The author agrees, again, with Michael et al (2007) and has no question, that on a very limited scale, retail Islamic products started appearing in UK in the early 1990s: few banks from the Middle East and South East Asia began offering and selling simple products such as home finance. However, found themselves unfavourably tough to compete with their conventional equivalents especially in the pricing. The growth of the retail market remained slow throughout the 1990s and early 2000s as these products did not fall within the regulatory framework and thus consumers did not have the same protection as other consumers like the availability of the Financial Ombudsman Service and the possibility of having support from the Financial Services Compensation Scheme.

2.12 Government initiatives

The author agrees the UK government has recently taken important steps to promote the Islamic Finance industry. For example the Treasury established an ‘Islamic Finance Expert Group’, in April 2007, to represent a broad cross-section of opinion from the industry, the City, Muslim organisations and the FSA ( www.fsa.gov.uk).
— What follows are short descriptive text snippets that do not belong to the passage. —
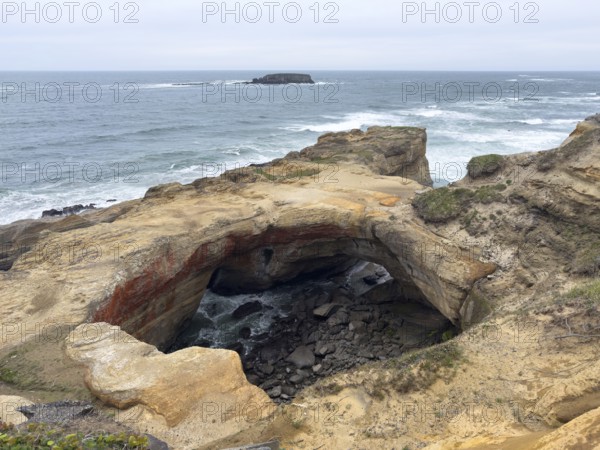 Devils Punchbowl Arch, Devils Punchowl Natural Area, Oregon, USA, North America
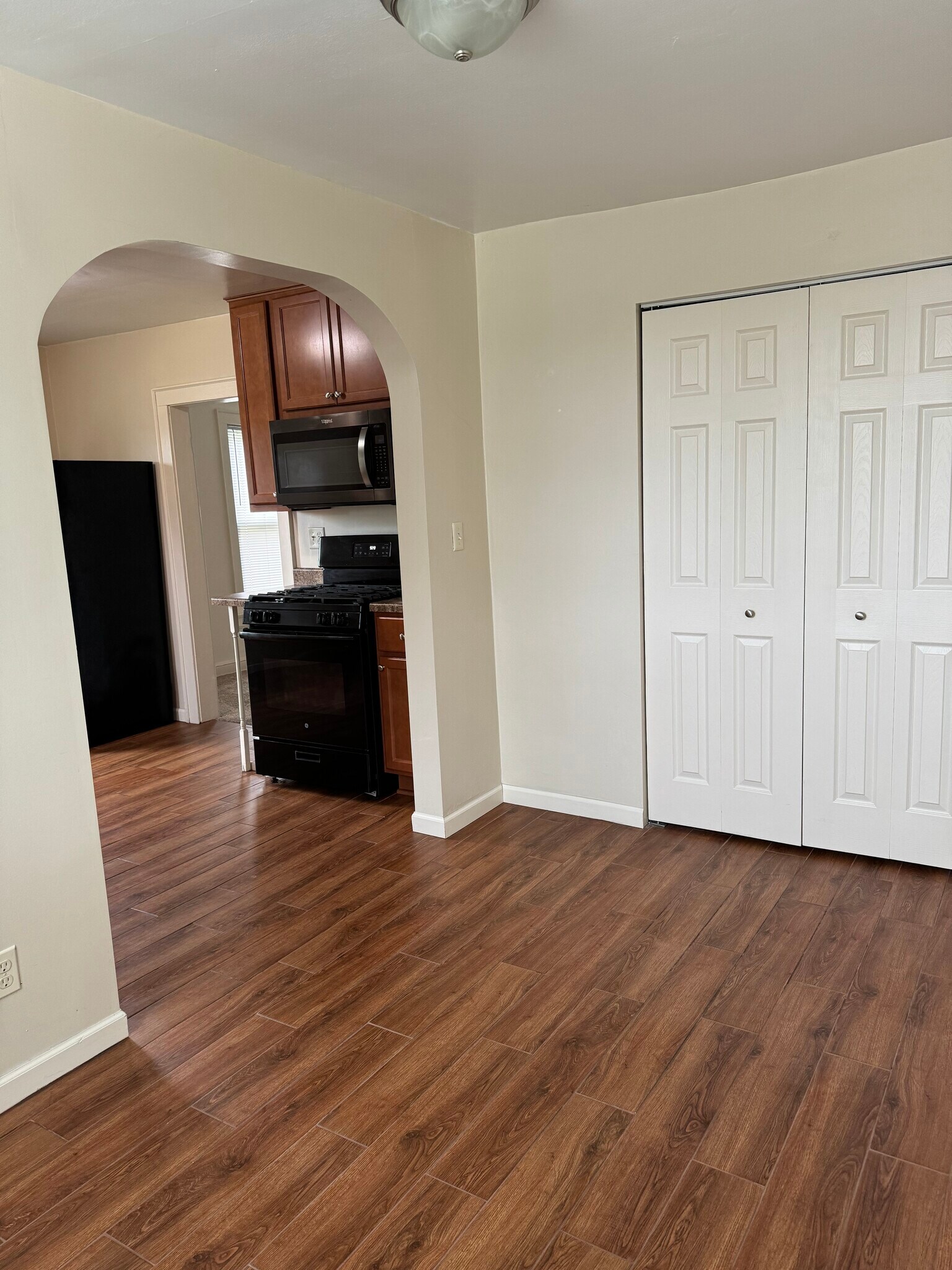 Dining room - 5921 5th Ave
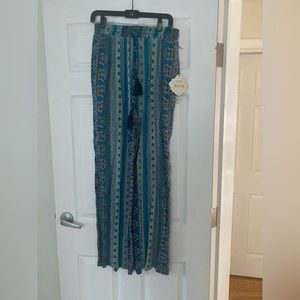 Multi-color light weight pants.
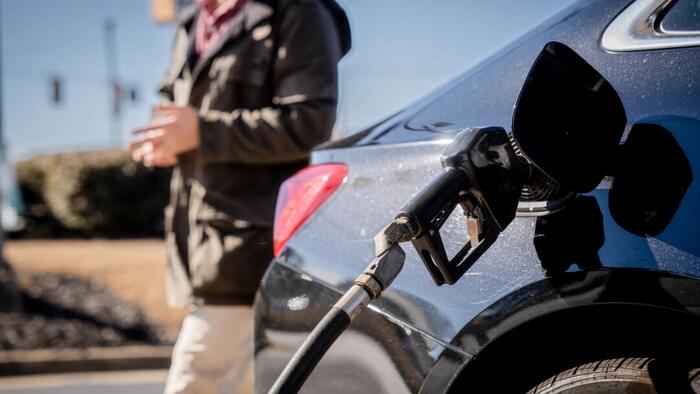 NextImg:WTI Flat As Crude Stocks Keep Rising; Pump-Prices Tumble For 4th Straight Week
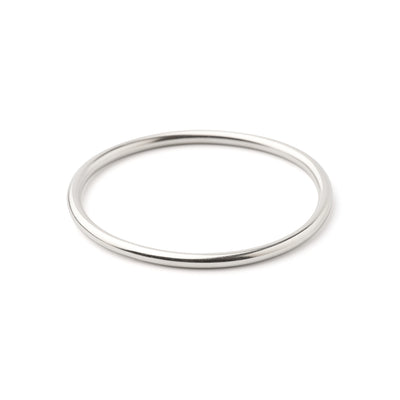 An alternate angle image of the Everyday Bangle made with round wire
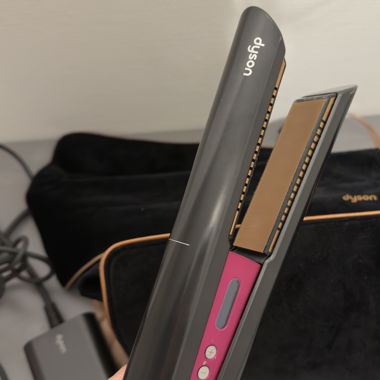 Piastra per capelli Dyson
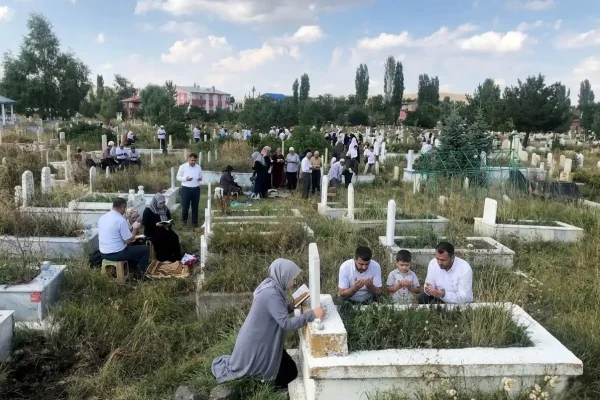 Kurban Bayramı’nda kabir ziyaretleri unutulmadı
The primary objective of this board is to advise the government on opportunities to help Islamic finance in the UK. The Chancellor confirmed in his pre-Budget Report (October 2007), that the group is overseeing an official study by the Treasury and the UK Debt Management Office on the possibility of the UK government issuing a sovereign Sukuk in the wholesale market. Sukuk (Islamic Bond) has already achieved a massive success in the Middle East. Author also finds it prospect, that UK Government is thinking National Savings and Investment Institute to invest this Islamic bonds in the market (www.hm-treasury.gov.uk)

2.13 Historical background and prospect of Islamic Bank of Britain (IBB)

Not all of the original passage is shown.